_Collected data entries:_

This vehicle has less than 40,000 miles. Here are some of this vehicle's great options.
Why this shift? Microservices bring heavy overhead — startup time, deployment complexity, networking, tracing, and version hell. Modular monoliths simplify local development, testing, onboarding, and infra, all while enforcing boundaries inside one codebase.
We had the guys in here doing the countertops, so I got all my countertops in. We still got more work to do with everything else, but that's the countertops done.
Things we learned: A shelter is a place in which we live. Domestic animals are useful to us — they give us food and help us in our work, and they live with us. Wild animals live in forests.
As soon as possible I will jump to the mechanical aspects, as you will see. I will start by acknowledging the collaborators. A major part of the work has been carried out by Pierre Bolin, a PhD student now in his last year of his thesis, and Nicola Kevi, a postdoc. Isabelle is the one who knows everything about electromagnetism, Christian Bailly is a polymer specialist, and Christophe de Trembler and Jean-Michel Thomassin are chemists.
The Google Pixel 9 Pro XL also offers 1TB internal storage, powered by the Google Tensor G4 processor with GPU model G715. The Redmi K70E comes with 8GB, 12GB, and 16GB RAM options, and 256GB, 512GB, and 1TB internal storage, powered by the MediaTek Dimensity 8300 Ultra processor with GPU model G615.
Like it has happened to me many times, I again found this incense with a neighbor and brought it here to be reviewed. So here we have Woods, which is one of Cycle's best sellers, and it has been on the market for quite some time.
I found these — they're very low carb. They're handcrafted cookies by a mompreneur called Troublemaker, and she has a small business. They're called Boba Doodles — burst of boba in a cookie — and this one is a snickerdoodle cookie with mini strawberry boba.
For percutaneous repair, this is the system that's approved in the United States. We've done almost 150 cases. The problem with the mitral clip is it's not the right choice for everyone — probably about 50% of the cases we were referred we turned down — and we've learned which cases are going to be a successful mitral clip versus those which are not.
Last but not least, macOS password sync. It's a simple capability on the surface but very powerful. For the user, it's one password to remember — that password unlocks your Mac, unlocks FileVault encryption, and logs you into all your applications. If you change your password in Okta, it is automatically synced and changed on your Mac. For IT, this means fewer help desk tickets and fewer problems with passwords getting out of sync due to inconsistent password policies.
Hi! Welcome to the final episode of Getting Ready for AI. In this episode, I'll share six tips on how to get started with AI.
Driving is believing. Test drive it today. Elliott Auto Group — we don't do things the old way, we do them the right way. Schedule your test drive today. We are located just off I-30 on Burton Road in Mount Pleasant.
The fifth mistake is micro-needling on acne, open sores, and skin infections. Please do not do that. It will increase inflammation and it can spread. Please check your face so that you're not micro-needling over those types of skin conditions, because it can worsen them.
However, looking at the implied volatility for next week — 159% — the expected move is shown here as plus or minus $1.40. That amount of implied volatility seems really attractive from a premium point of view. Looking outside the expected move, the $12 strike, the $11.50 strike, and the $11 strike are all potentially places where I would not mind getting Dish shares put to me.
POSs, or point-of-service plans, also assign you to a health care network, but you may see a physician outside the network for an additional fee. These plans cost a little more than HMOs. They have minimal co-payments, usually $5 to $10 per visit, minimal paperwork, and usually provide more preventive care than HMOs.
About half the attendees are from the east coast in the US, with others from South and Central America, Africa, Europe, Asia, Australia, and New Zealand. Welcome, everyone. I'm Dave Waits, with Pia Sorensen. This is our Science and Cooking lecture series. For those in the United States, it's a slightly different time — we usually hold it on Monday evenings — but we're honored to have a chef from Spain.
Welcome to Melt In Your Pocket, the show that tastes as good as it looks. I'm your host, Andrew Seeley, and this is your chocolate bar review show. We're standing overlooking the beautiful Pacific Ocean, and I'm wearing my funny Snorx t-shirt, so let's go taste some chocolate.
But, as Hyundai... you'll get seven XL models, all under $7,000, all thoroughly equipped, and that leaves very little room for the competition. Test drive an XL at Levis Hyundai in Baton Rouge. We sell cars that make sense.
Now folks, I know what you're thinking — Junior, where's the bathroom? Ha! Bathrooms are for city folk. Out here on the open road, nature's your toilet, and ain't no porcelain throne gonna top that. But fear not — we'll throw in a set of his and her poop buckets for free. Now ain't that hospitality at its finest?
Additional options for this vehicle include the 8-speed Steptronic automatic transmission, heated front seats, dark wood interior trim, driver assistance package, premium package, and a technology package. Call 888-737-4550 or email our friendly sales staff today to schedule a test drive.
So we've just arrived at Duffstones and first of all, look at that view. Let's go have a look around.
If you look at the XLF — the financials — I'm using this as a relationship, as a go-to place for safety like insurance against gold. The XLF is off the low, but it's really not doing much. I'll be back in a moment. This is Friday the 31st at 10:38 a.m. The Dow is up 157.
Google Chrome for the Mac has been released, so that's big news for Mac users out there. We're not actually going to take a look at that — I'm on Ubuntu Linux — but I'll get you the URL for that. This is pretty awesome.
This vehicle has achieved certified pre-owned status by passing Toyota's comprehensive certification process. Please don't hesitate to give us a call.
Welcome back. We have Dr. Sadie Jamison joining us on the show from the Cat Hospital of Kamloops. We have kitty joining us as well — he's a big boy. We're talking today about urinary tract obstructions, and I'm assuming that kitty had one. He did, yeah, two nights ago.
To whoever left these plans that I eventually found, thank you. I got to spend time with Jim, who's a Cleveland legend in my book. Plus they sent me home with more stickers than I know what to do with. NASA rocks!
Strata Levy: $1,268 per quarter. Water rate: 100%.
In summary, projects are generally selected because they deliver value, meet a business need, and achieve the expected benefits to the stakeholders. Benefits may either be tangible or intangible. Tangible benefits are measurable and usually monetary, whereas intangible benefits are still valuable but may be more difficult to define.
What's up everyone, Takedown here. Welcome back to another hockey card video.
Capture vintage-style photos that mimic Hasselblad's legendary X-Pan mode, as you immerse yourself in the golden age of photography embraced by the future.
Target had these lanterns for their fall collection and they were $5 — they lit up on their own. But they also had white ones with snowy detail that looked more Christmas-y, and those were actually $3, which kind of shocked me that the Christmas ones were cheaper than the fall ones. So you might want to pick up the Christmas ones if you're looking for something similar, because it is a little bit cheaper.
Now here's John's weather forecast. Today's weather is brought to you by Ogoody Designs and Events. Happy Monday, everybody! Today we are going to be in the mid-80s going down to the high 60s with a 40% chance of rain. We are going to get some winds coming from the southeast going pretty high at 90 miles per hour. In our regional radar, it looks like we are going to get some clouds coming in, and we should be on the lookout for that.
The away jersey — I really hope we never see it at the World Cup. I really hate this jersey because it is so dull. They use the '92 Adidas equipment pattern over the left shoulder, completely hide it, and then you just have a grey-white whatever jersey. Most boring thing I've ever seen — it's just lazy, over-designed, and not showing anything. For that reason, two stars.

_Problem to work on:_ Would you print, exactly as written, every line above from the one holding "Strata Levy: $1,268" through the one holding "Capture vintage-style photos", with both included and no other lines?

_Exercise solution:_
Strata Levy: $1,268 per quarter. Water rate: 100%.
In summary, projects are generally selected because they deliver value, meet a business need, and achieve the expected benefits to the stakeholders. Benefits may either be tangible or intangible. Tangible benefits are measurable and usually monetary, whereas intangible benefits are still valuable but may be more difficult to define.
What's up everyone, Takedown here. Welcome back to another hockey card video.
Capture vintage-style photos that mimic Hasselblad's legendary X-Pan mode, as you immerse yourself in the golden age of photography embraced by the future.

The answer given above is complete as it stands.